The Man You Love to Hate

In den 1920er Jahren schuf Erich von Stroheim die aggressivsten und schonungslosesten Gesellschaftsdramen der Filmgeschichte. – Die Filmindustrie, die den gebürtigen Wiener finanzierte, ließ sich das nicht lange bieten, verstümmelte zunächst seine Filme und gab ihm dann keine Aufträge mehr. – Das Filmarchiv Austria zeigt eine umfangreiche Retrospektive.

Als Sohn eines jüdischen Hutmachers am 22.9. 1885 in Wien geboren, kam Erich (von) Stroheim vermutlich 1909 in die USA. Dort gab er sich als Abkömmling einer preußischen Adelsfamilie aus, behauptete ein Offizierspatent der k.u.k. Kavallerie zu besitzen und erweichte nach diversen Gelegenheitsjobs mit seiner Hartnäckigkeit David Wark Griffith ihn als Darsteller einzusetzen. Mit schlaksigem Gang und Monokel prägte er während des Ersten Weltkriegs das Stereotyp des »bösen Deutschen« und die Werbung erfand den Slogan »The Man You Love To Hate«.

1919 durfte Stroheim erstmals selbst Regie führen. »Blind Husbands«, der sich mit »The Devil´s Passkey« (1920) und »Foolish Wives« (1922) zu einem ersten Zyklus zusammenfassen lässt, beinhaltet schon alle zentralen Themen seines Werks: Im Mittelpunkt stehen von ihren amerikanischen Männern, die nur ans Geschäft denken, vernachlässigte Frauen. Erst durch das Werben eines europäischen Don Juan werden diese bedauernswerten »Good American Girls« zu Frauen.

Während diese ersten Filme in Europa – in den Alpen, in Paris und in Monte Carlo – spielen, zeichnete Stroheim in »Greed« (1924), der als sein Hauptwerk gilt, nach Frank Norris´ Roman »McTeague« mit schonungslosem Naturalismus ein Bild der amerikanischen Unterschicht. Nicht im Studio, sondern auf den Straßen von San Francisco und die Schlusssequenz im Death Valley wurde diese Tragödie um sexuelles Verlangen, Ehebruch, Eifersucht und unstillbare Gier gedreht.

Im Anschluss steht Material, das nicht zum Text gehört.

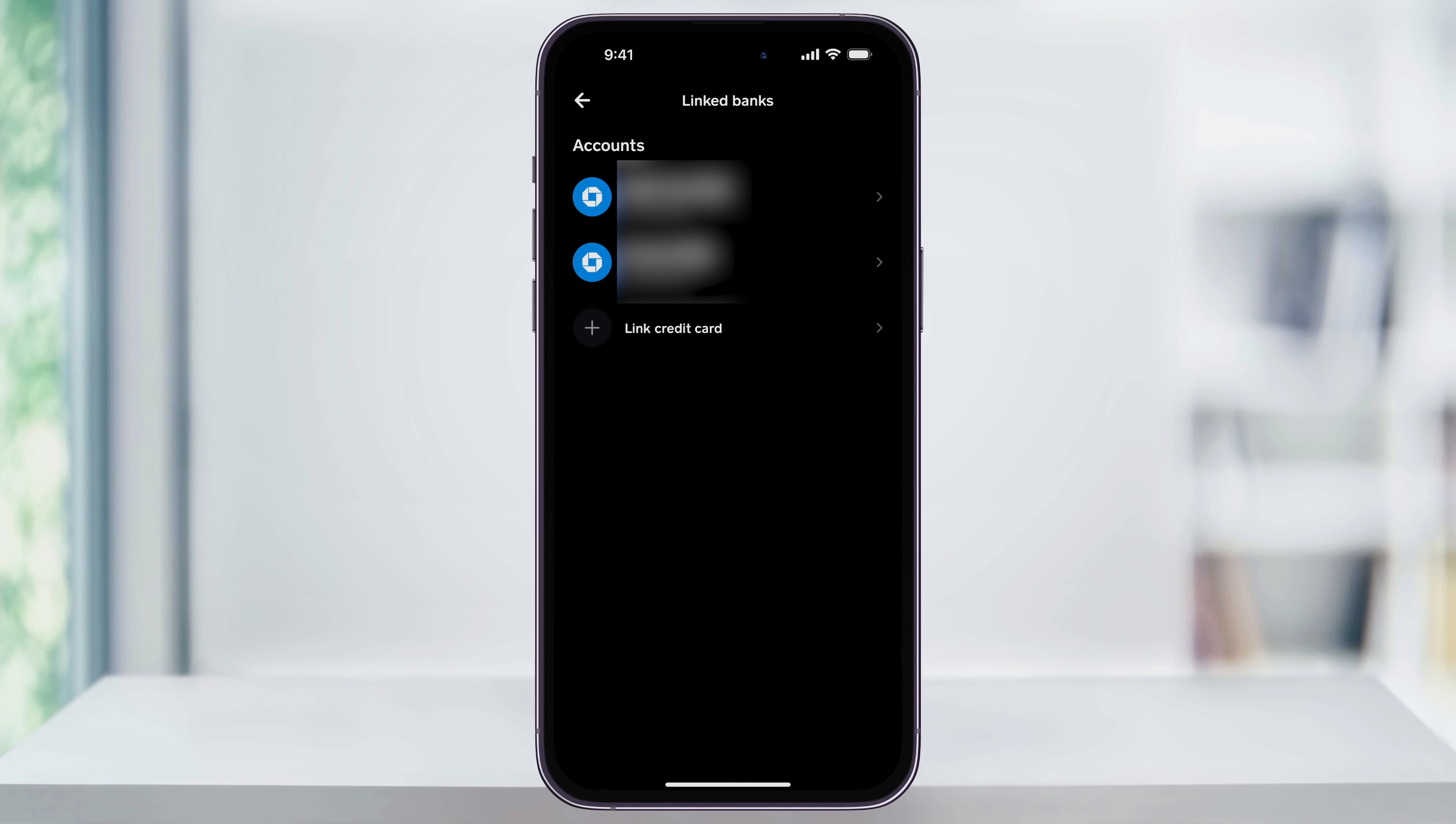Now before you're able to link a credit card, Cash App's going to make you link a debit card first. If you haven't done that yet, tap add debit card and then just follow through the instructions to get that set up. Once your debit card's linked, you'll then see the option to add more cards or credit cards.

An Budgetvorgaben hielt sich dabei Stroheim nie, überzog mit seinem Streben nach äußerster Detailtreue hemmungslos die Finanzen und in seinem Bemühen ein breites Gesellschaftspanorama mit zahlreichen Nebenfiguren zu entwerfen den zeitlichen Rahmen traditioneller Spielfilme. Stroheims fünfeinhalbstündige, auf zwei Teile angelegte Version von »Greed« wurde ihm entrissen und von den MGM-Cuttern auf 150 Minuten zusammen geschnitten.

Dieses Schicksal widerfuhr auch dem so genannten »Wiener Zyklus«, der aus »Merry-Go-Round« (1923), »The Merry Widow« (1925), »The Wedding March« (1928), »The Honeymoon« (1929) und »Queen Kelly« (1928) besteht. Amerikanischer Puritanismus und Geschäftsdenken sind hier keine Themen mehr, im Mittelpunkt steht die Degradierung des Eros in der aristokratischen Gesellschaft des Vorkriegs-Europa. In allen diesen Filmen scheitert die Liebe zwischen einem Mädchen aus »niederem Stand« und einem adeligen Lebemann an den gesellschaftlichen und wirtschaftlichen Zwängen.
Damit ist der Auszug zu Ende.